なお、8分30秒あたりで近くにいた こはま(c0hama) さんを唐突に呼んで、前で操作してもらいました。
「あー」とか「えー」とか言っているのは、こはまさんです。協力ありがとうざいました。
説明
Smalltalkを出す (6分36秒あたり)
左上のScratchのロゴのRの穴のあたりをShiftを押しながらクリックするとメニューが出て来ます。"turn full screen off"をクリックすると、通常隠されているSmalltalkが現れます。 最新のScratchはFlashで実装されていますが、Scratchは当初Smalltalkで実装されていました。プロダクトとして出す場合は開発用のツールは消すことも可能ですが、Scratchは教育用ということもあり、開発環境も揃ったままの状態でリリースされています。差分のコードを取り込む (6分47秒あたり)
Smalltalkの環境はコードのバージョン管理の機能も同梱されています。メソッド単位でコードの変更が記録されており、差分をファイルに出力したり、差分を取り込んだりすることが可能です。他の言語でも言語要素を単位にしたバージョン管理ができるといいですね。 ウィンドウのデザインにレガシーな雰囲気が漂いますが、Scratchを動かしているSmalltalkがかなり古いためです(20年以上前のもの?)。逆にこんなに昔から様々な先進的な機能を取り入れていたことに驚きます。部品を選択する (6分56秒あたり)
Scratchの見た目に関する部分はMorphicという仕組みで実装されており、目に見える様々なものがMorphというクラスを継承して作られています。Morphを右クリックするとMorphのまわりに丸いものが表示されます。これをHaloと言います。Haloを使って、Morphのサイズ変更・複製・削除をしたり実装クラスのコードを見たりできます。 Morphは子Morphを複数持つ階層構造になっています。右クリックを何度もすると子Morphに潜っていくことができます。 ここではステージ上部のパネルのHaloから、オブジェクトの内部状態を見るウィンドウを開いています。このウィンドウをインスペクタと言います。インスペクタからオブジェクトに対してメッセージを送って対話的にプログラムすることができます。スプライトやブロックをプログラムから作る (7分8秒あたり)
Scratchの音を鳴らすブロックをつなげて実行すると、一つの音が鳴り終わるまで待ってから次の音が鳴ります。複数の音や動きのタイミングを合わせるために、それぞれの音の高さ/長さに対応するメッセージを送り、それを受け取ってその音を鳴らすブロックを用意しています。大量のブロックが必要ですが、プログラムを作れば単純な反復作業もすぐ終わります。ボタンをつける (7分18秒あたり)

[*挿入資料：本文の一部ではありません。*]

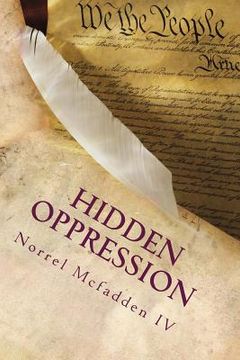 portada Hidden Oppression: Part 1 (en Inglés)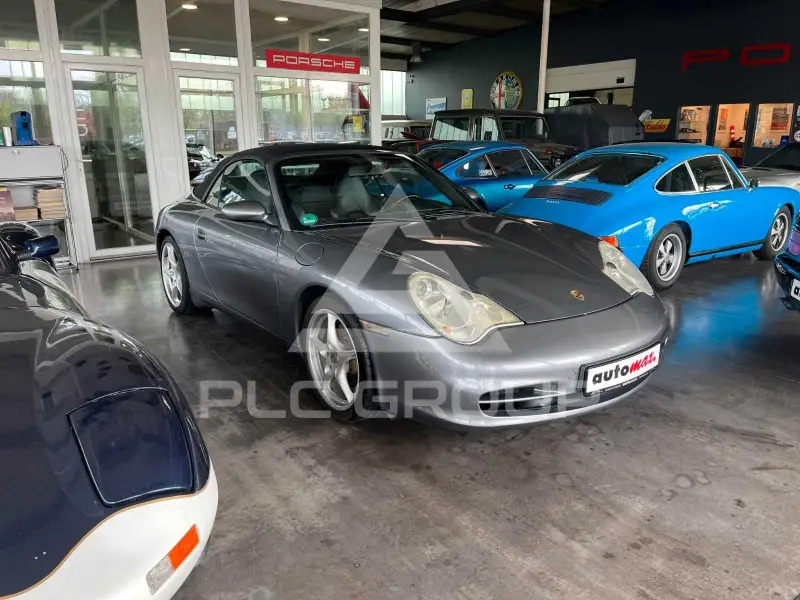 2003 Porsche 911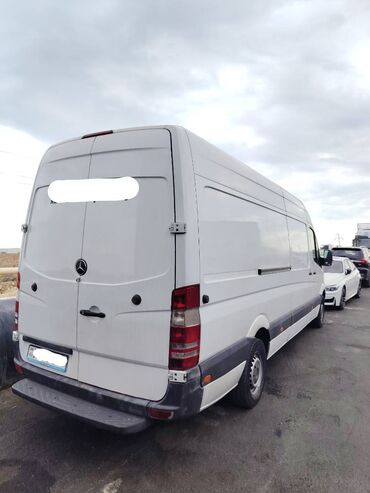 Mercedes-Benz: Mercedes-Benz Sprinter: 2.2 l | 2009 il Universal — 6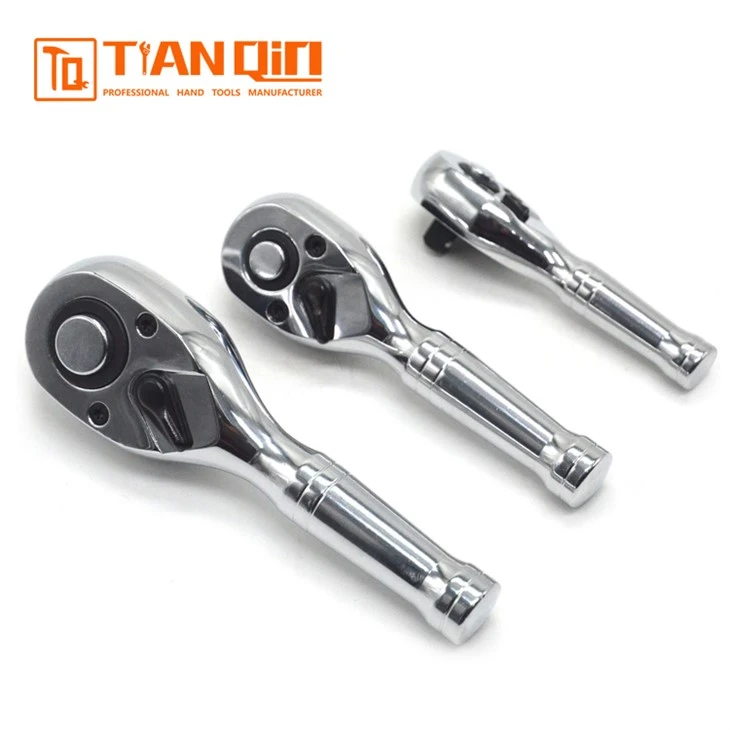 Short Handle Ratchet Wrench Short Handle Ratchet Wrench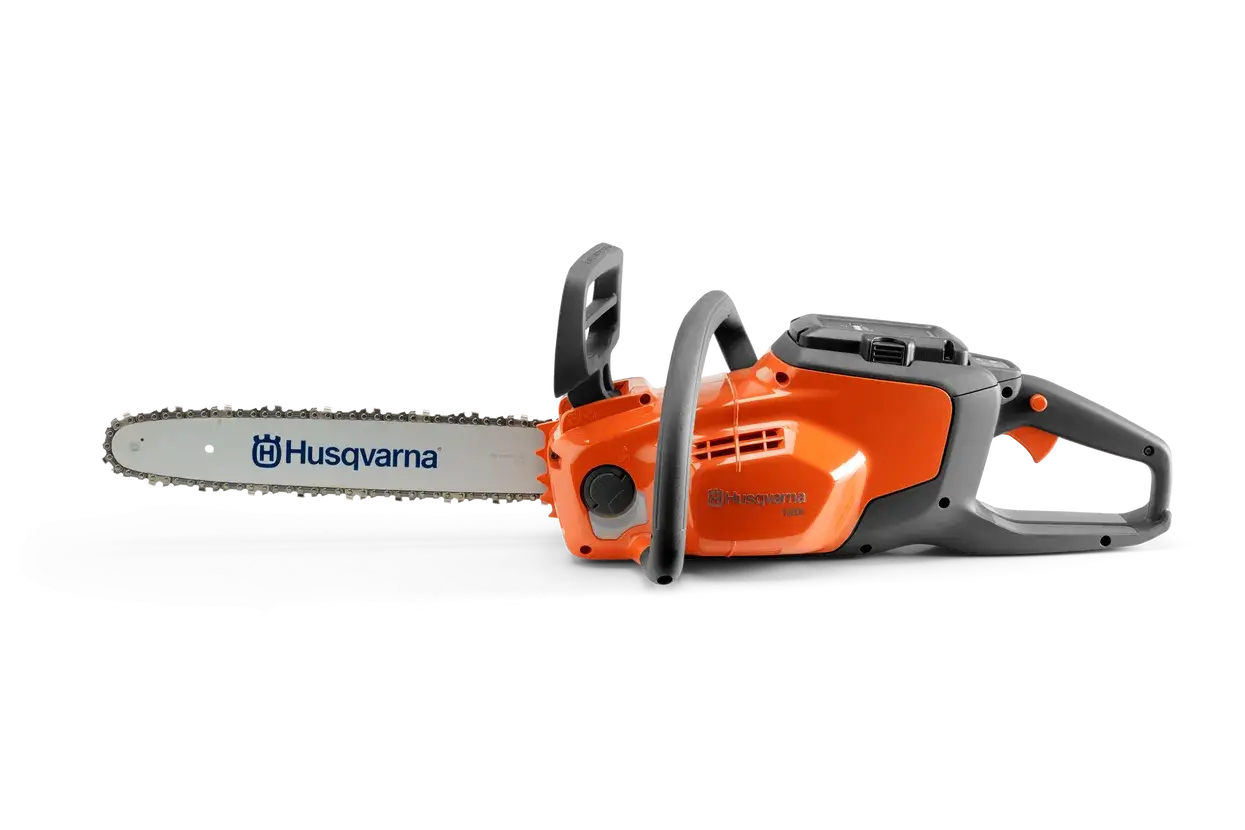 Husqvarna 120i met accu en lader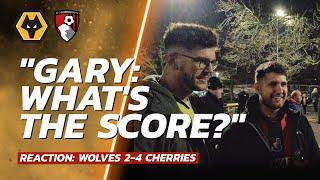 ️ REACTION: "Wolves Were DISMANTLED! Without Cunha They'd Be SHOCKING!" | Wolves 2-4 Bournemouth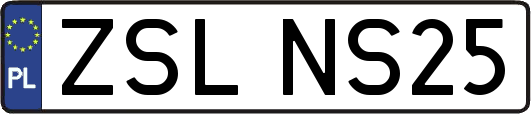 ZSLNS25
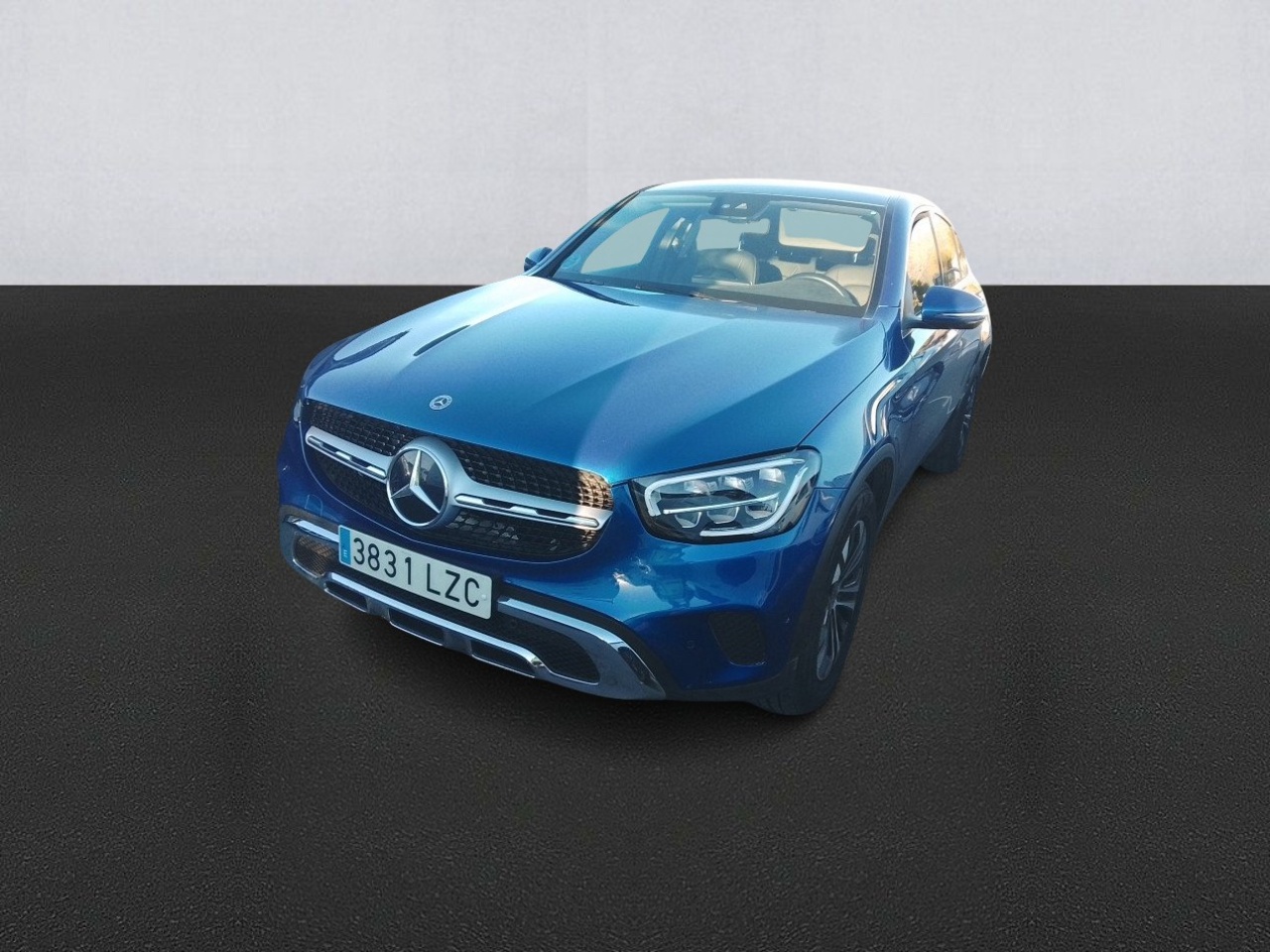 imagen MERCEDES GLC COUPE GLC 200 d 4MATIC-39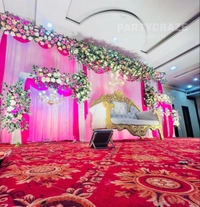 Wedding Stage Decor 22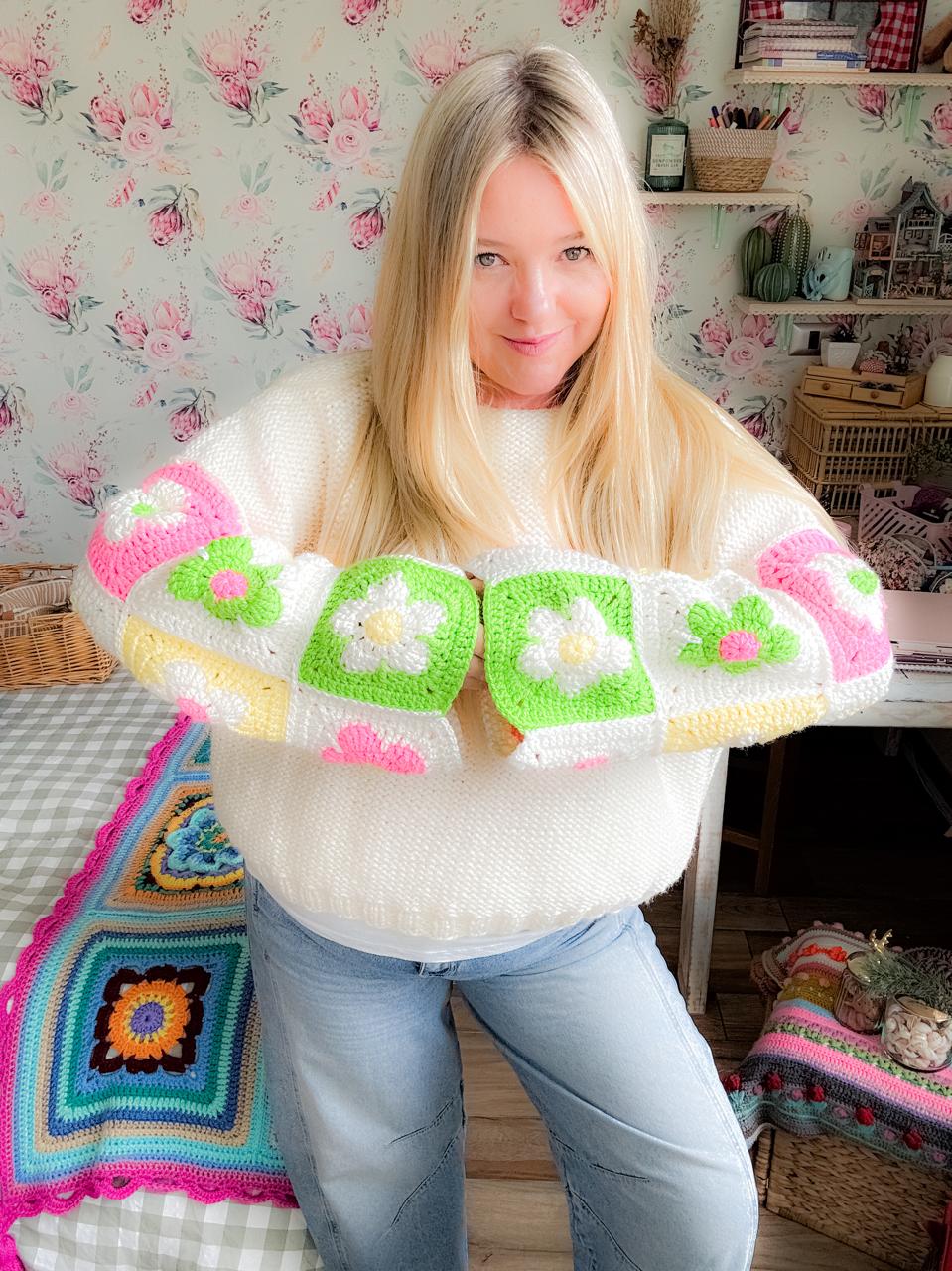 CURSO ONLINE SWEATER BETTY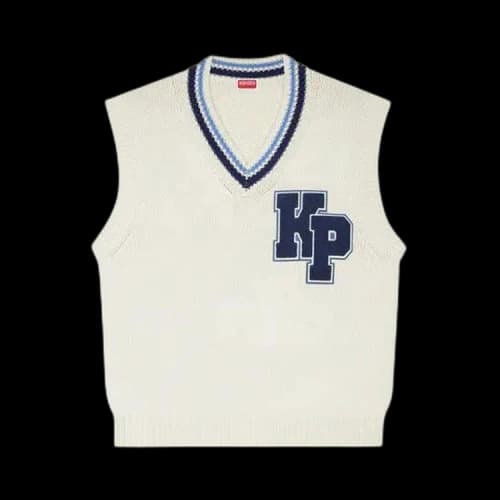 Kenzo RWS Vest 'Off White'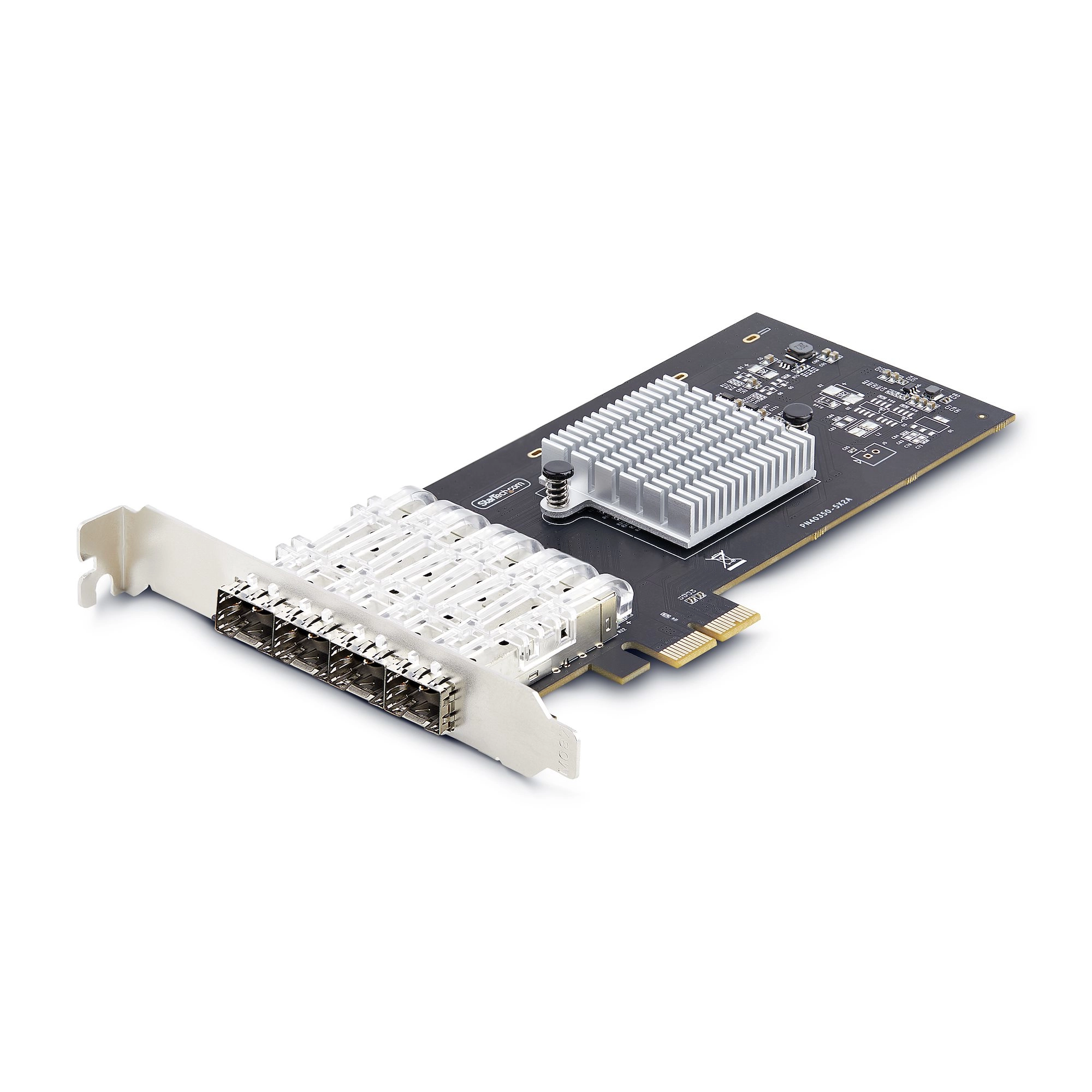 PCI Express Gigabit Ethernet Fiber Network Card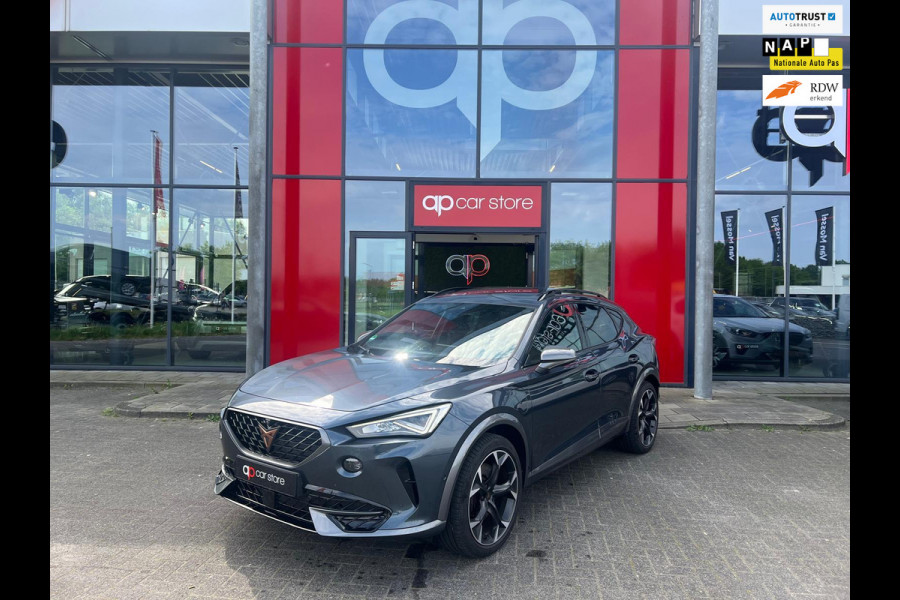 CUPRA Formentor 1.4 e-Hybrid VZ Performance/Panorama/Memory Seat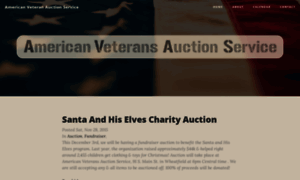 Americanveteranauctionservice.com thumbnail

アプリケーション実行中でも、自由にカスタマイズすることができます。スプライトを画面の外に取り出す。(8分04秒あたり)
スプライトもMorphで実装されています。内部的には画面の外に出す操作は、スプライトのMorphの親Morphが変更(ステージのMorph→背景のMorph)されただけのことです。Scratch を爆発させる(8分15秒あたり)
Scratchを構成する部品も自由に操作できます。バグを踏む (9分01秒あたり)
例外が発生すると実行スレッドが停止し、どうするか尋ねるウィンドウが表示されます。Debugボタンを押すと、該当箇所のコードが表示されます。バグを直す (9分19秒あたり)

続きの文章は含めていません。